Maybe where you're from they need three buildings skirted out with parking lots (students to the right, teachers in the shade) to accommodate the up-and-coming citizens of the world. Not in Haven.

First of all, we had our Modes, or else we walked. Second of all, the old bank they'd converted into our school fit us just fine. Into its basement (south to the vault's gloomy north), they'd carved a cafeteria that equaled Gym that equaled Arts and Music that equaled Study Hall or, also, Assembly Hall. On the three upper floors, in tall, pilaster-peeling spaces, they'd arranged four classrooms per. First grade through fourth: Level 1. Fifth grade through eighth: Level 2. Ninth grade through twelfth: Level 3. Sometimes we could hear the kids on Level 1 singing their Duck, Duck, Goose. Sometimes, from Level 2, the reverbing of
Of Mice and Men
. Sometimes Mr. Friedley would stand at the bottom of the spiraling central steps with the hole up through the middle and roar:
Go forth and conquer.
History was ceaseless in the repetition of itself. We lived with a severe case of déjà vu.

Except: On this particular day, when the weather was so revved full of allure that classes migrated to the exterior world, there was the dawn of something new. It was homeroom, just after the bell. We had already pledged our allegiance.

“Class,” Ms. Novotny said, a new guy standing by the door. “This is Shift.”
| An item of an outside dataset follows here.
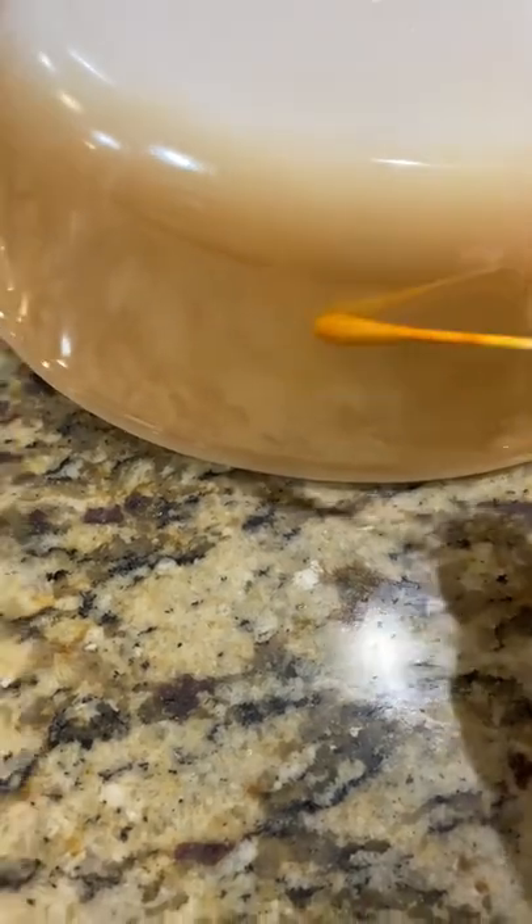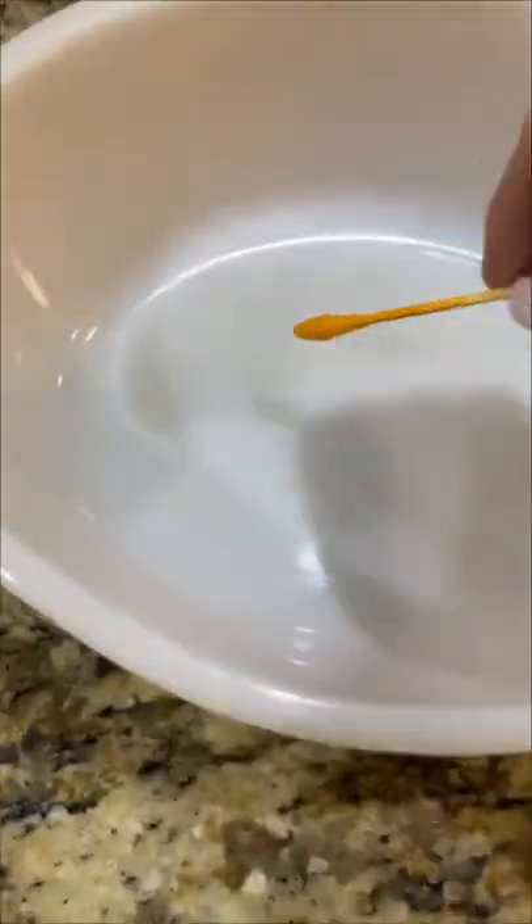What was odd was that the outside of this dish did not test positive for lead, but the interior somewhat did.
The guy turned his head inside his hoodie. He crammed his fists inside the pockets of his green-and-purple madras shorts. He slapped the heel of one flip-flop, then
slapped slapped slapped
toward the single extra chair, sat his long self down, hood still up, eyes averted. He was a transfer from someplace, but nobody knew where. He'd come by way of the bridge, unless he'd come by way of boat; there was no big reveal. He had a slim spiral-bound notebook in his hand and a uni-ball Roller clipped to the peak of his hood, and maybe Shift was his first name, or Shift was a trick name, and maybe he wouldn't be staying for good, but I felt sure of this: We'd never seen him before.

“Hey, Shift.”

“Hey, yeah.”

“Cool.”

Eva's eyes like anime.

Deni with a calculating stare.

Me pondering the one word, Shift. Class? Order? Family? Species?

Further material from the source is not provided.